Assignment » Could the data below be printed out exactly, with the pictures left out?

::::::::::

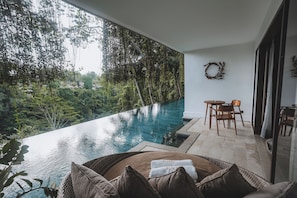 Un espace piscine extérieur moderne, avec vue sur une forêt luxuriante, comprenant un fauteuil de relaxation en osier et une petite table avec des chaises.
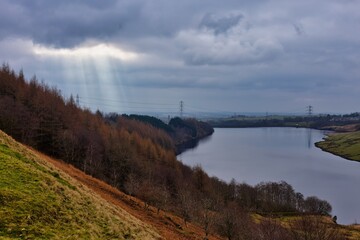 landscape with lake and mountains and sun rays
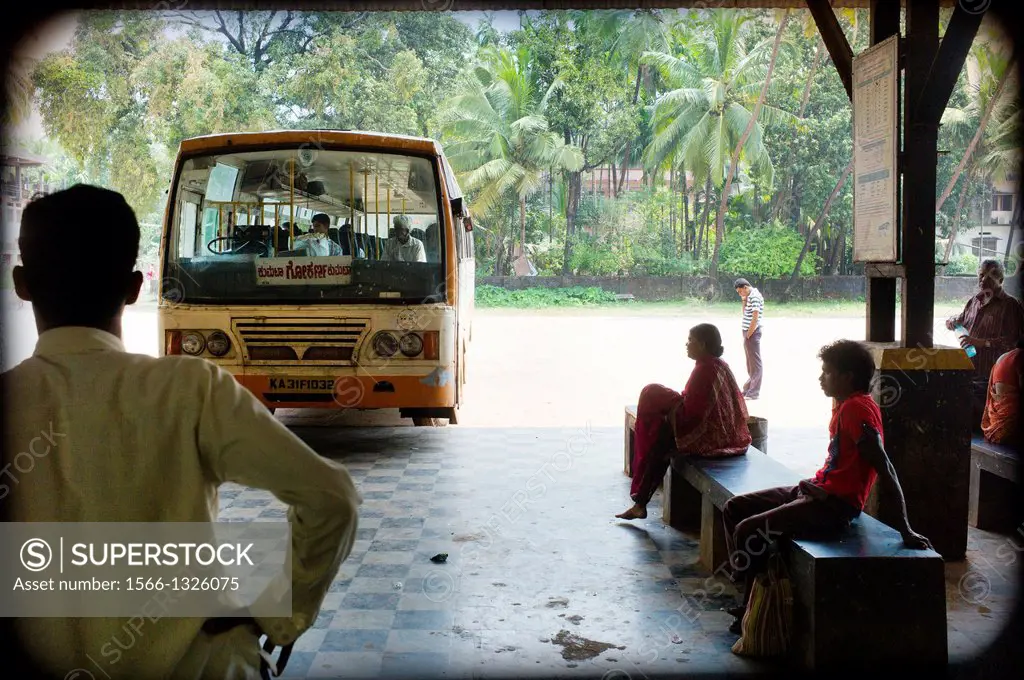 People waiting in a bus station on a beach near Goa, India, Asia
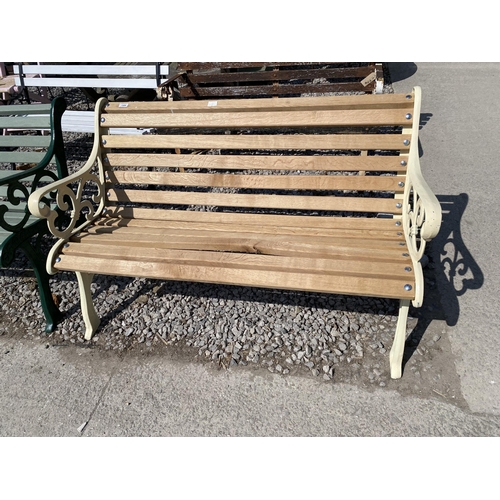 1988 - A WOODEN SLATTED GARDEN BENCH WITH CAST ENDS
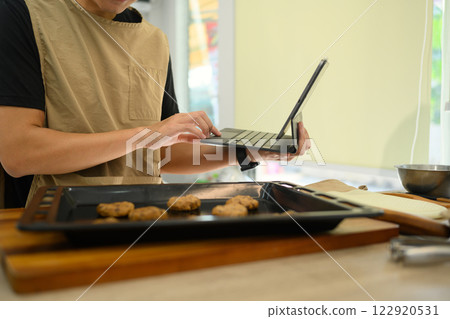 Smiling male baker checking recipe on digital tablet while preparing chocolate chip cookies Smiling male baker checking recipe on digital tablet while preparing chocolate chip cookies 122920531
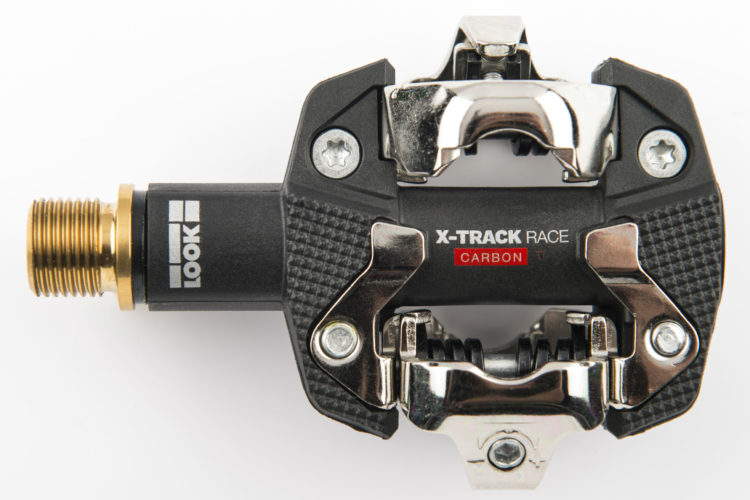 Alt text: "Close-up of a black and silver X-Track Race Carbon bicycle pedal with a gold threaded connector, showcasing the detailed design and mechanism."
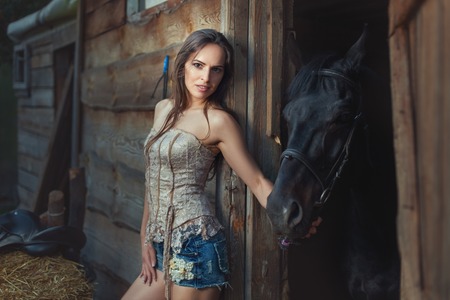 Woman and horse in a wooden shed in rural areas.の写真素材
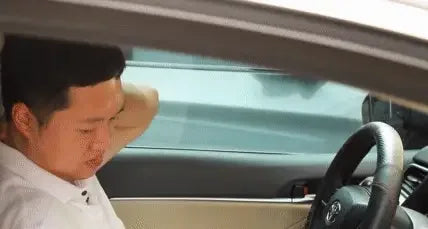 Man using Dual Pressure Point Massager for instant pain relief in a car, relieving neck and shoulder tension.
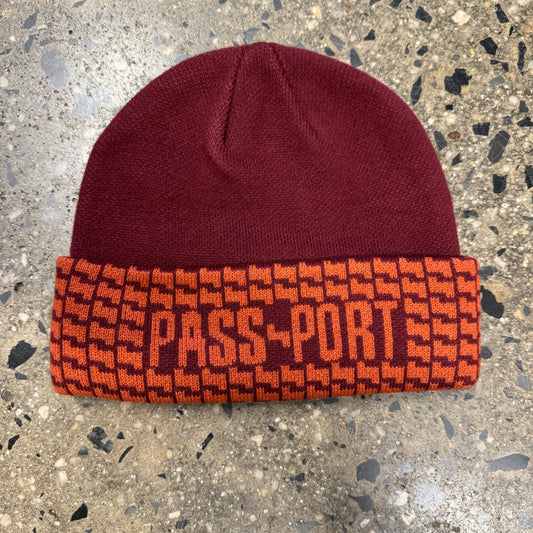 red and orange beanie with logo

::::::::::

Completed exercise »
 Un espace piscine extérieur moderne, avec vue sur une forêt luxuriante, comprenant un fauteuil de relaxation en osier et une petite table avec des chaises.
 landscape with lake and mountains and sun rays
 People waiting in a bus station on a beach near Goa, India, Asia
 1988 - A WOODEN SLATTED GARDEN BENCH WITH CAST ENDS
 Smiling male baker checking recipe on digital tablet while preparing chocolate chip cookies Smiling male baker checking recipe on digital tablet while preparing chocolate chip cookies 122920531
 Alt text: "Close-up of a black and silver X-Track Race Carbon bicycle pedal with a gold threaded connector, showcasing the detailed design and mechanism."
 Woman and horse in a wooden shed in rural areas.の写真素材
 Man using Dual Pressure Point Massager for instant pain relief in a car, relieving neck and shoulder tension.
 red and orange beanie with logo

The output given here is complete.